その議会の議事進行は、簡略に説明すれば次のとおりである。
世代Aの「代弁者」が、他の「世代」例えば世代Bの「代弁者」に対して、自分たちの意見を伝える。
例えば、「これこれの問題が生じている。どれそれの対策をとってほしい。」
そうすると世代Bの「代弁者」は、後ろを振り返って、自分たちの「世代」全員に対して伝える。
「世代Aが、これこれの問題が生じている。どれそれの対策をとってほしい、と言っている。」
世代Aの「代弁者」が意見を述べているのを皆聞いているから、改めて繰り返すまでもないのだけれど、それでも世代Bの「代弁者」は、聞きとったことを繰り返す。そこで人々に意見があると、意見が出される。なければ、伝えられた意見について、異議はないことを確認する。
「マニャ、マニャ、マニャ、ウェー。」
座っている世代Bの人々が、いっせいに「ウォー」と答える。
そうすると、世代Bの「代弁者」は正面に向きなおって、こんどは世代Aの「代弁者」に対して、伝える。

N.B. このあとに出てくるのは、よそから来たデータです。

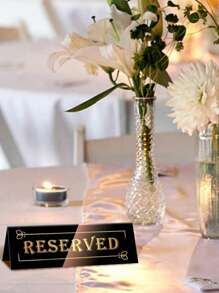 1pc/2Pcs/5Pcs/12Pcs/26Pcs Reserved Table Signs, Acrylic Guest Reservation Table Tents Sign, Waterproof Gold Double-Sided Reserved Seat Signs, Reserve Signs For Wedding Birthday Party Restaurants Meeting Best Gifts,Wedding Decor,Home Decor ,Room Decor Party Favors Bride Graduation Birthday Decorations Party Decorations Bachelorette Back To School Christmas Decorations Living Room Decor Halloween Decor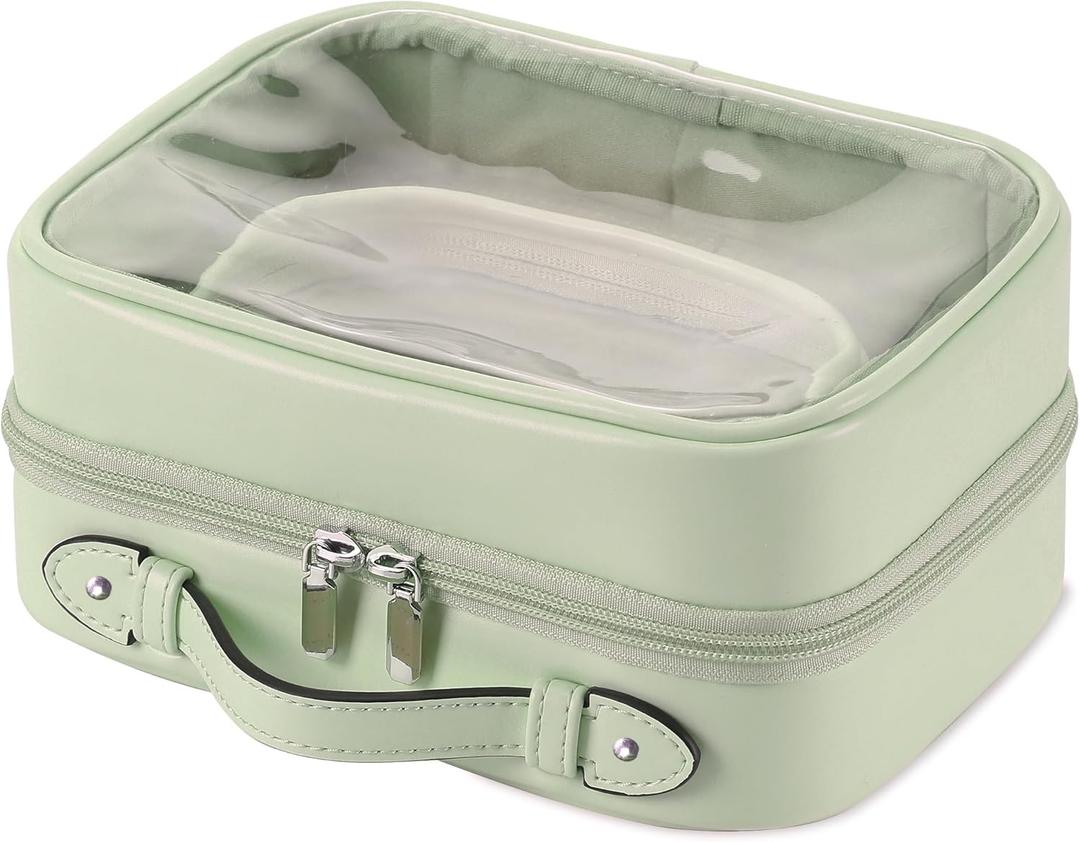 Clear Cosmetic Bag Double Layer Travel Toiletry Bag Clear Makeup Bag Case with 4 Compartments, Transparent Travel Bag for Toiletries, Large Toiletry Bag for Women Cosmetic Case (Sage Green, Small)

「われわれの世代では、了解したという衆議になった。」
それを聞いてから、世代Aの「代弁者」は後ろを向く。
「世代Bでは、われわれの提案に、了解したと言っている。」
世代Bの「代弁者」が伝えた内容を皆聞いているから、やはり繰り返す必要はないのだが、それでも世代Aの「代弁者」は、そう述べる。そこでまた、世代A全員のなかで議論がある。議論が終わると、異議はないことを確認する。
「マニャ、マニャ、マニャ、ウェー。」
座っている世代Aの人々が、いっせいに「ウォー」と答える。
これの繰り返しで、議事が進んでいく。ときどき議事進行と全く脈絡なく、「盛上げ役」が登場して、面白おかしい仕草と、甲高い声の語りで、皆を笑わせる。今日は式典だから、だいたい脚本通りの議事進行である。でも、アモンアゴ副議長によれば、ほんとうの議事では、世代の出席者の中で活発な議論があり、そして「代弁者」どうしの間で、また活発な討論が交わされるのだという。

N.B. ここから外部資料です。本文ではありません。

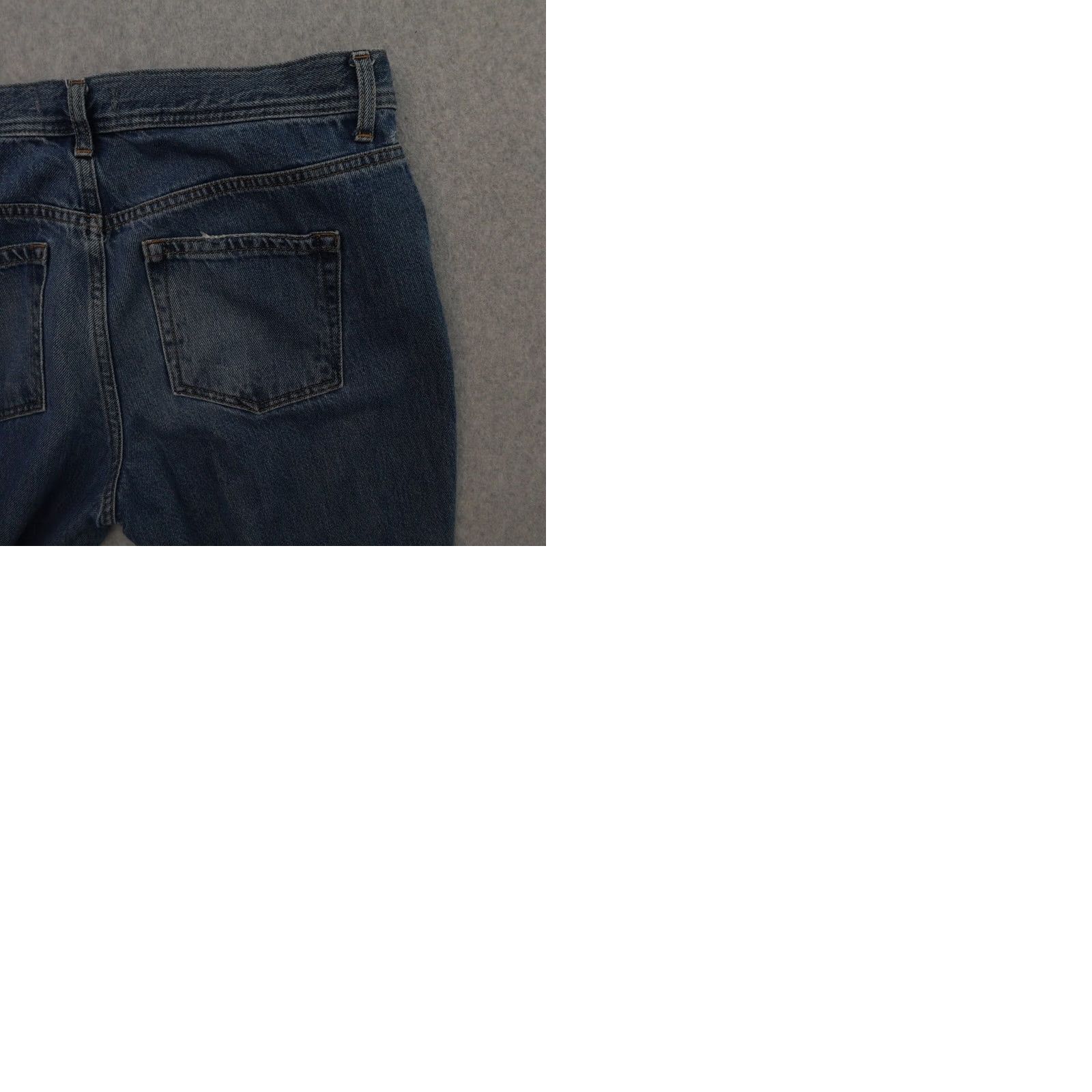 Vintage We The Free Womens Jeans 29 (29X27) Wide-Leg Baggy Fray Hem Blue Stripe Size 29" - 10 Thumbnail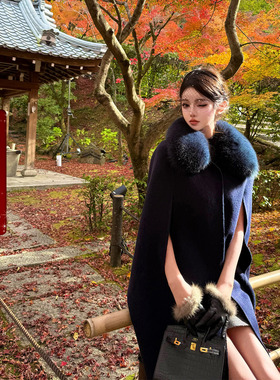 现货 viola【昭和贵女】中古私服 定染狐狸毛5羊驼95澳毛斗篷大衣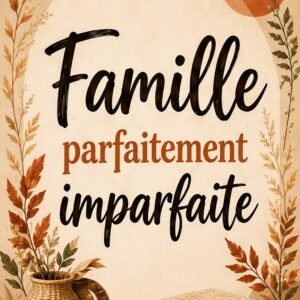 Affiche décorative avec le message famille parfaitement imparfaite en style manuscrit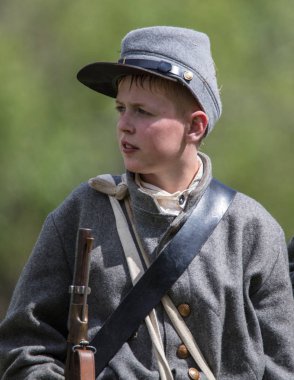 Amerikan İç Savaşı reenactor kırmızı blöf, Kaliforniya'da köpek Adası Event'de. 29 Nisan 2018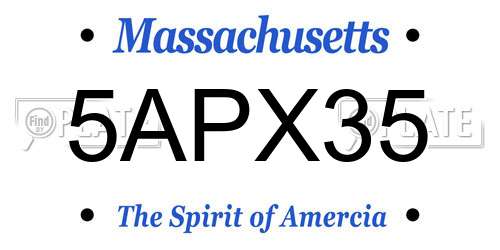 5APX35 Massachusetts License Plate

なんと、これはエブリエ族の民主主義である。誰もが議会に参加し、それでいて発言は「代弁者」だけに許されていて、誰もが手を挙げて意見を述べるのではないから、議事は不必要に長くならず、また混乱もしない。そして、各世代の統率者が自ら発言することはない。発言するのは、あくまでも「代弁者」なのだ。だから、議事がうまく纏まらなかったら、それは「代弁者」の能力不足であって、統率者の能力不足だとは見做されない。もどかしいほどゆっくりとではあるけれど、「代弁者」が一つ一つの意見を咀嚼して繰り返すので、参加者の中での透明性は確保され、また誤解や曲解もない。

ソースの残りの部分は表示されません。